This paper presents the electrochromic (EC) characteristics of nickel oxide (NiO) nanoflakes array prepared by chemical bath deposition (CBD) method with different ammonia concentration. Prepared NiO films have porous structure with 2-dimensionally networked nanoflake arrays. The addition of aqueous ammonia significantly affects the growth of NiO film. Moreover, appropriate amount addition of aqueous ammonia is important in obtaining a balanced EC performance of NiO films between transmittance modulation and cycling durability. Excess concentration of ammonia cause not only a decrease in the thickness of NiO films but also change the growth direction of flakes. XPS results present that high concentration of ammonia could induce the peak shifting toward the low binding energy, which attributed from initial state effect between nickel and oxygen, which is substituted by nitrogen.
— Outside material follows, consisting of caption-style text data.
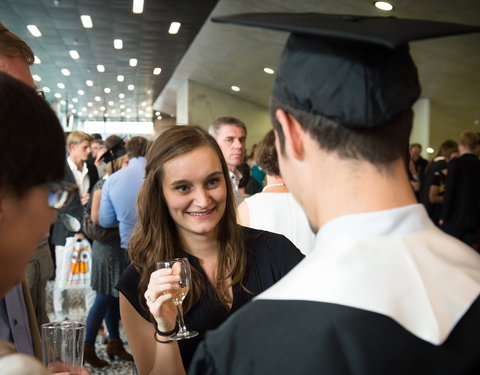 Proclamatie 2014/2015 faculteit Geneeskunde en Gezondheidswetenschappen-57001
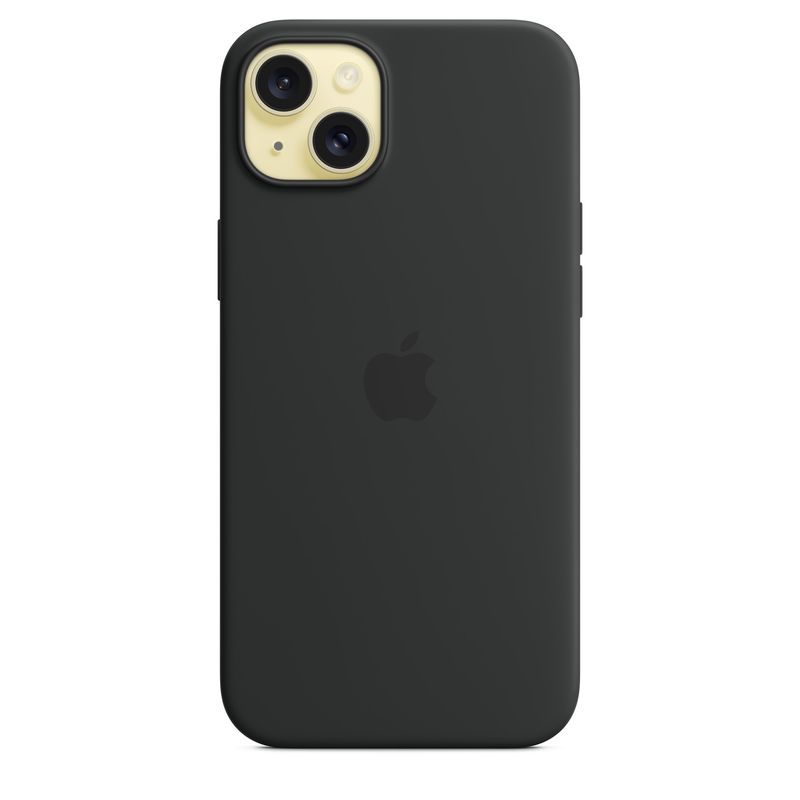 iPhone-15-Plus-Silicone-Case-with-MagSafe---Black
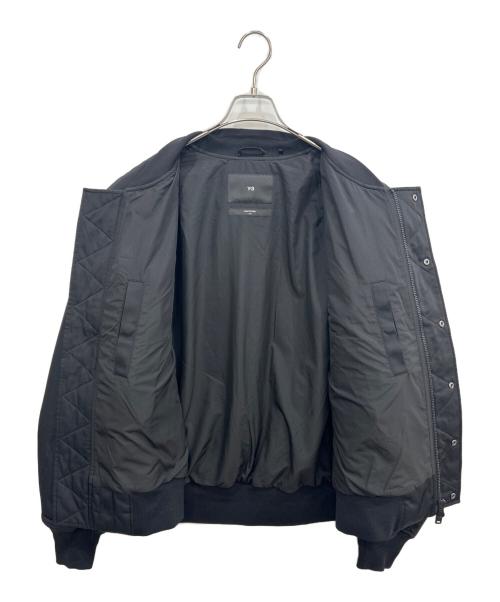 Y-3（ワイスリー）Y-3 (ワイスリー) ボンバージャケット ブラック サイズ:L/Gの古着・服飾アイテム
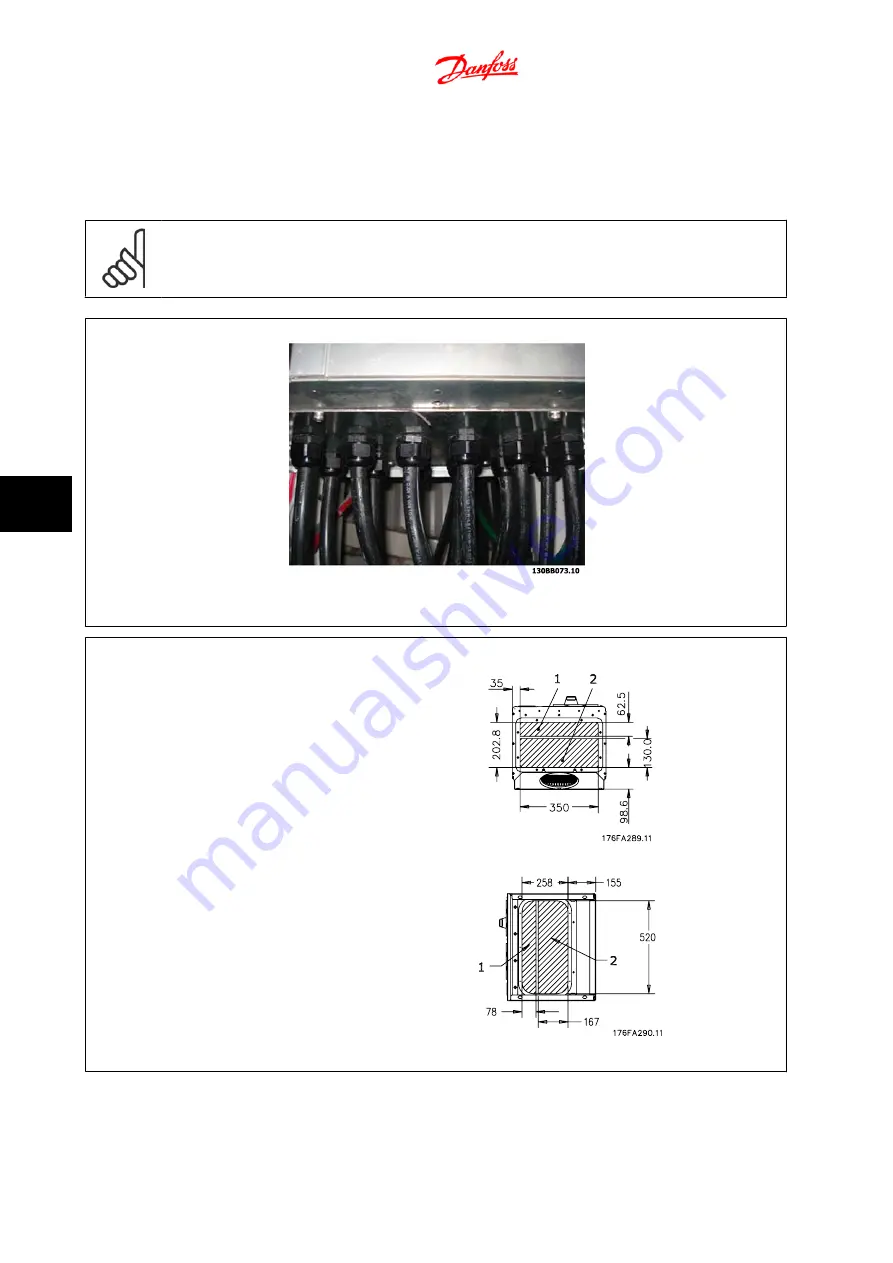 Danfoss FC 300 Design Manual Download Page 156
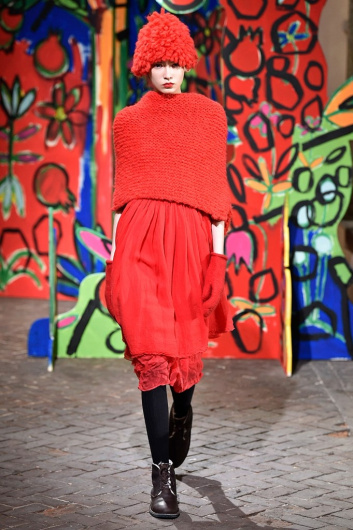 Fotoservizio/FW 18-19/WOMEN/DANIELA GREGIS/DP2/0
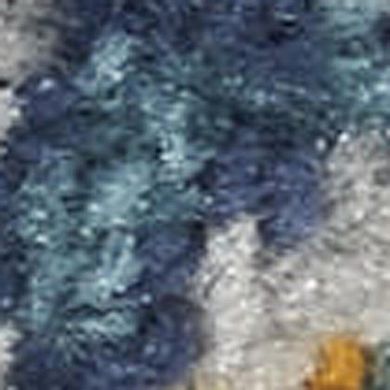HomeRoots Rectangle Abstract Polyester Area Rug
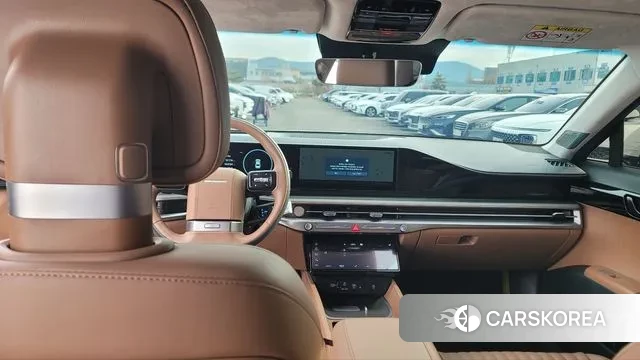 Hyundai Grandeur Hybrid (GN7) id 3517671 из Кореи 17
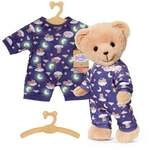BABY born Teddy Schlafanzug Glow in the Dark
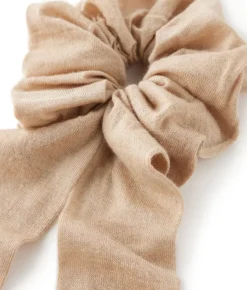 Scrunchie in cashmere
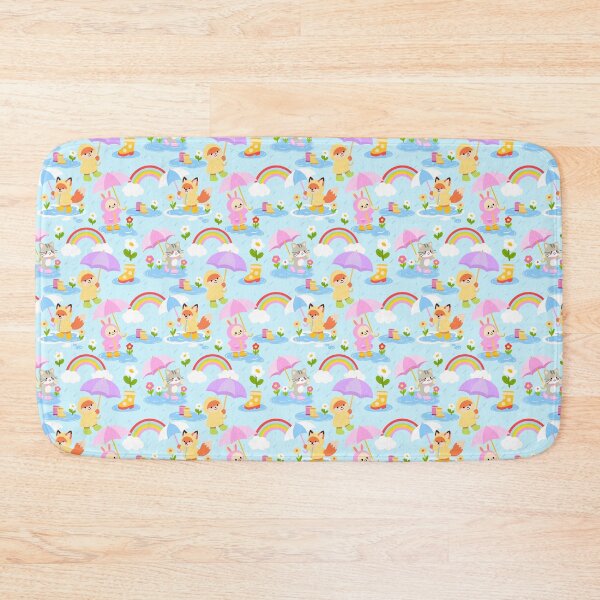 Item preview, Baby Shower Rainy Day Seamless designed and sold by KJackArtwork.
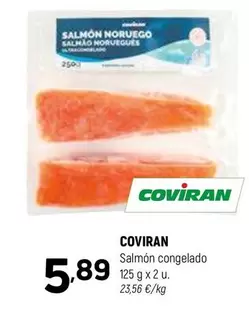 Oferta de Coviran - Salmón Congelado por 5,89€ en Coviran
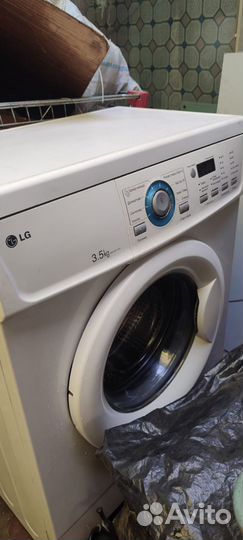 Стиральная машина lg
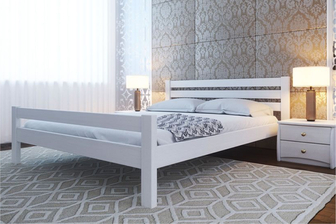 Полуторные деревянные кровати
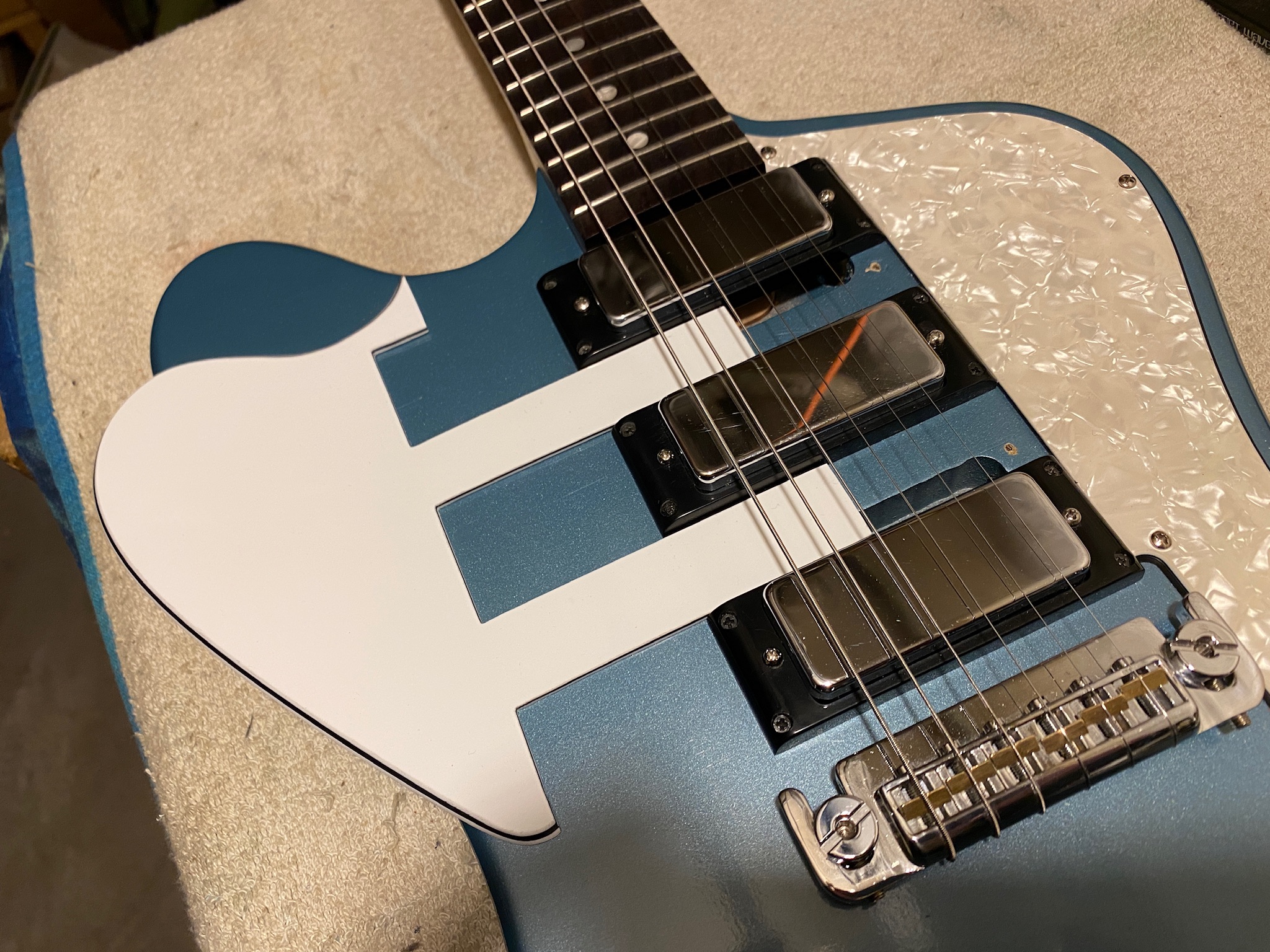 gibson firebird zero mods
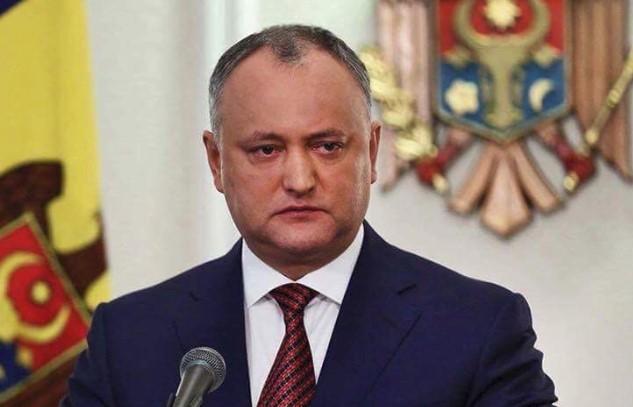 Igor Dodon smijenjen s dužnosti predsjednika - Avaz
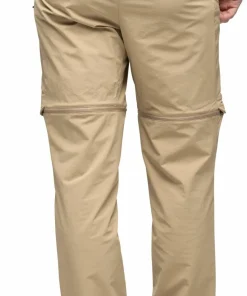 Bergans Men's Convertible Zip-Off Softshell Pants Warm Sand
The best cycling durability at 550 nm was achieved for NiO-25 film with high transmittance modulation (Tbleaching: 86.8% and Tcoloring: 23.4%) and noticeable cycling stability (only 25% decrease after 5000 cycles).
Introduction
As the growing demand for energy increases with world population, innovative technologies for improving energy saving or efficiency with quality of life has been received in enormous interest from many researchers and public [1, 2]. In this point, electrochromic (EC) devices with unique function to change the optical properties (absorbance, transmittance and reflectance) reversibly by an applied voltage are noted as a major technology that can economize energy consumption in architecture by selectively adjusting sunlight flux through windows, which is called to 'smart windows' [3, 4]. There are numerous EC materials that have been widely investigated, such as transition metal oxides, conjugated polymers and mixed composite materials [5, 6]. Among these, nickel oxide (NiO) is a promising candidate for anodic EC material due to its large dynamic range, low operation voltage and outstanding EC efficiency [7, 8]. NiO also has extensive advantages, such as low materials coast, natural abundance and environmentally friendliness [9, 10]. The EC performances of NiO are closely related to their morphologies and sizes [11]. To date, several deposition techniques have been developed for the preparation of porous NiO films, such as hydrothermal [12, 13], electro-deposition process [14], spray pyrolysis [15], sputtering [16, 17] and chemical bath deposition (CBD) [18]. Among them, CBD is a suitable and advantageous technique because of its low-temperature synthetic condition and ease of fabricating the porous structure over the large area [19]. For practical application in smart windows, however, poor cycling durability under repeated redox process is critical limitation of NiO film prepared by CBD [18].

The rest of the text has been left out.